A quantification of the difference between the target

or expected output of a model and the actual output.

Loss function is used in a model’s training process in

determining adjustments to its weights that should

result in a reduced loss function.

Machine Learning

Given a task to solve, a machine-learning system is

designed to infer a solution from data without being

instructed explicitly on how to solve the problem.

The system is trained by providing it with data from

which it can “learn” to carry out tasks not explicitly

provided for by the software engineer’s design.

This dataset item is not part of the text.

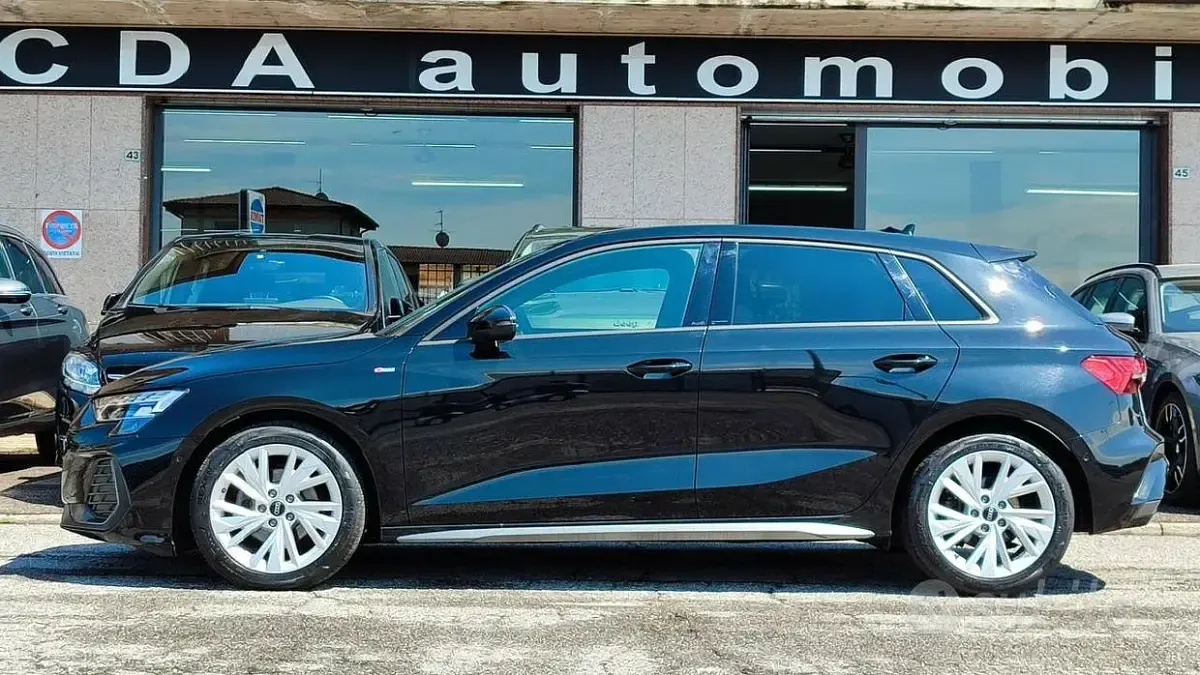 Usata Audi A3 S-Line 150 CV (110 kW) 2025 Nero Berlina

Machine learning is part of the wider field of AI.

Memorisation

This process occurs in image models such as Stable Diffusion when the model is over-exposed to one specific training image linked to a particular concept. The process of memorisation undermines the model’s ability to generalize and generate new content when prompted with a text prompt for that concept.

Model Card

A short, standardised document that provides detailed information about the Model.

Neural Network

A machine learning model consisting of a network of

neurons (or nodes).

Noise

In the context of an image, noise can take the form of

random pixel values. An existing image can be

partially corrupted with noise, or an image can consist

entirely of noise.

Open source

Software whose source code is made freely available for anyone to use.

Overfitting

A situation where the model produces outputs that fit too closely to the training samples rather than generalising from them.

Pixel/Pixel space

A digital image suitable for human viewing may be

represented by a two-dimensional array of “pixels”. An image in “pixel space” is an image in this form.

Prompt

A descriptive text caption or an image (or both) input

by a user to condition the output of Stable Diffusion.

Sample/Sampling

The value drawn from the probability distribution.

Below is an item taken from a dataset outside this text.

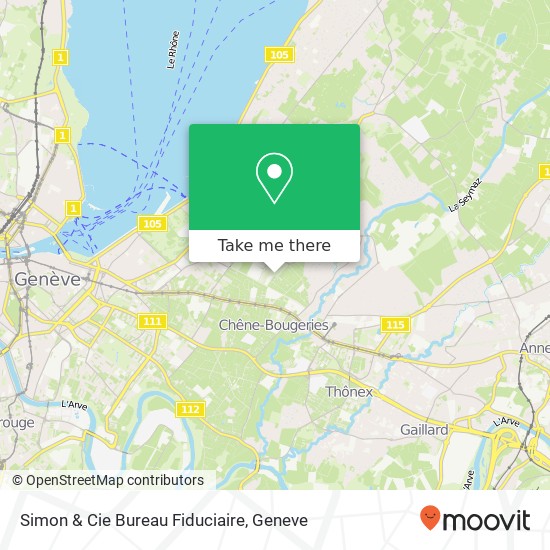 Simon & Cie Bureau Fiduciaire map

Drawing a value from a specified probability distribution.

Stochastic system

A system in which the same input may not produce

the same output because of some randomness or

probabilistic behaviour of the system.

Seed/Seed value

In Stable Diffusion a “seed” is a latent image used as

the starting point for the inference process. The seed may be pure random noise or a user image to which noise has been added. In the case of text-to-image inference, the user can specify the “seed value” (a numeric value) in which case the same seed image will be used each time, and the output will be identical or practically so.

Step

In the context of training a model like Stable Diffusion a “step” is the process of adjusting the model weights at the end of each iteration. It can also be used synonymously with “iteration”. See also “Iteration”.

Text Encoder

The text encoder takes a sequence of tokens (numbers representing words or parts of words) and converts them using a deep learning model to form a “text-embedding” or an “embedding” which is designed to represent the semantic meaning of the words.

Training

The process by which a machine-learning model

“learns” its model weights from user-provided data.

Tokens/Tokeniser

A tokeniser converts text into tokens, which are numbers representing words or parts of words.

U-Net

A neural network that, in the case of Stable Diffusion,

is responsible for “denoising” the image in latent

space. The denoising process may be conditioned by

user prompts to influence the resulting image.

URL

Uniform Resource Locator – a hyperlink (via a web address) to the original internet location at which the referenced image is made available to the public by the website operator.

Vector File

A resolution independent depiction of a visual image that can be scaled up or down and is often used for illustrations.

VRAM

Video Random Access Memory.

Weights

In a neural network a neuron (or node) has inputs (which may come from outside the network or from a previous layer of the network) and an output. A “weight” determines the strength of the effect a particular input has on the output. See also “bias”.

The weights and biases are sometimes just called the

“weights” of a model. The aim of training is to adapt the weights and biases such that the model produces desired outputs.